## YOUR ASSIGNMENT:
The full listing, returned exactly and free of pictures, is the expected answer.

## PROVIDED DATA:
□ □ □
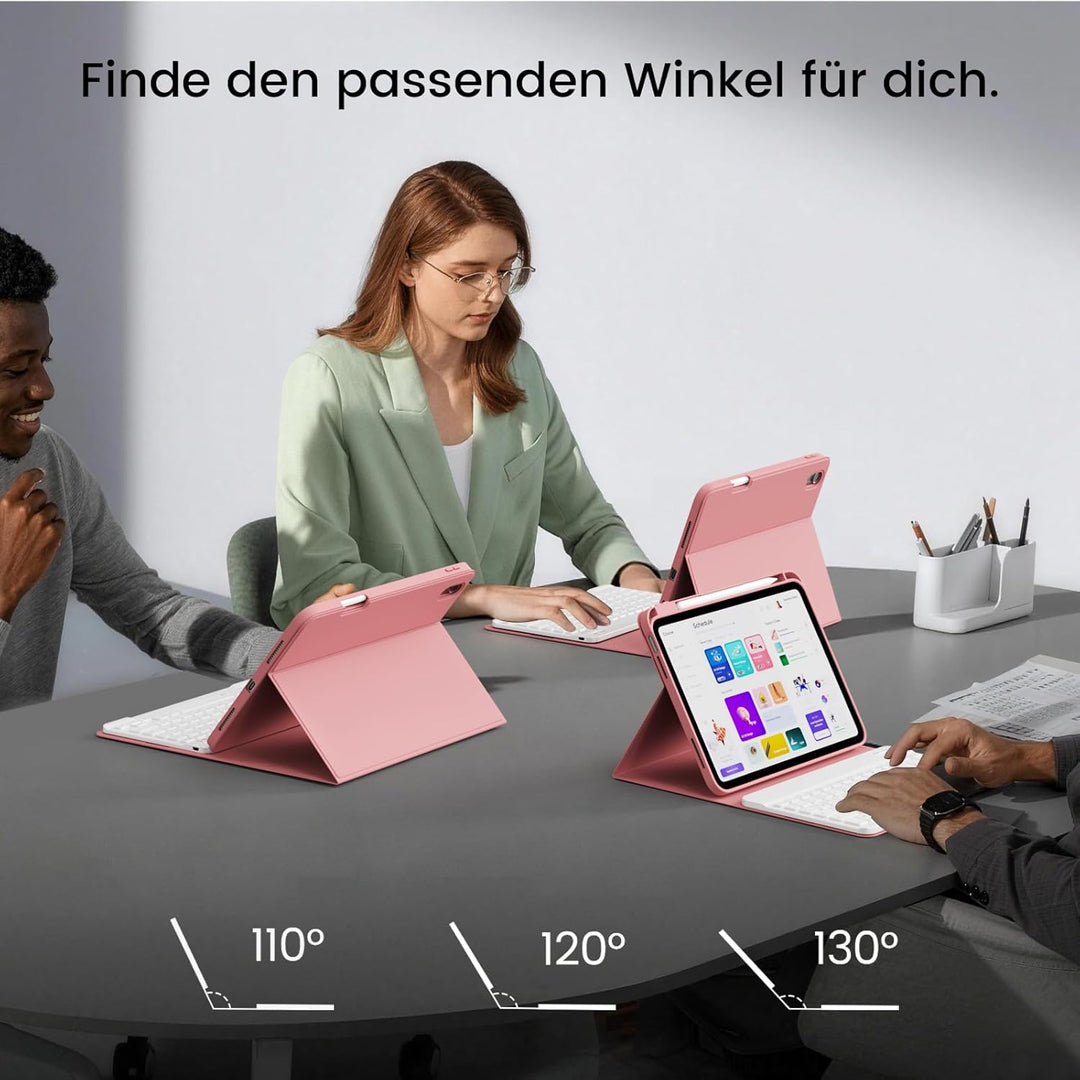 Hülle mit Tastatur für iPad 11/10 Generation mit Stifthalter, Magnetisch Abnehmbare Kabellose Blueto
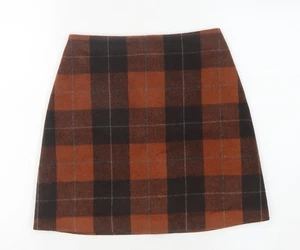 New Look Women's Brown Check Pencil Skirt, Size 6 - Picture 1 of 12
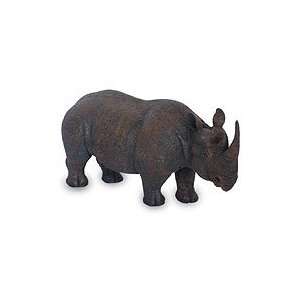  Wood sculpture, Sumatran Rhino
□ □ □
## RESPONSE FOR THIS EXERCISE:
 Hülle mit Tastatur für iPad 11/10 Generation mit Stifthalter, Magnetisch Abnehmbare Kabellose Blueto
 New Look Women's Brown Check Pencil Skirt, Size 6 - Picture 1 of 12
  Wood sculpture, Sumatran Rhino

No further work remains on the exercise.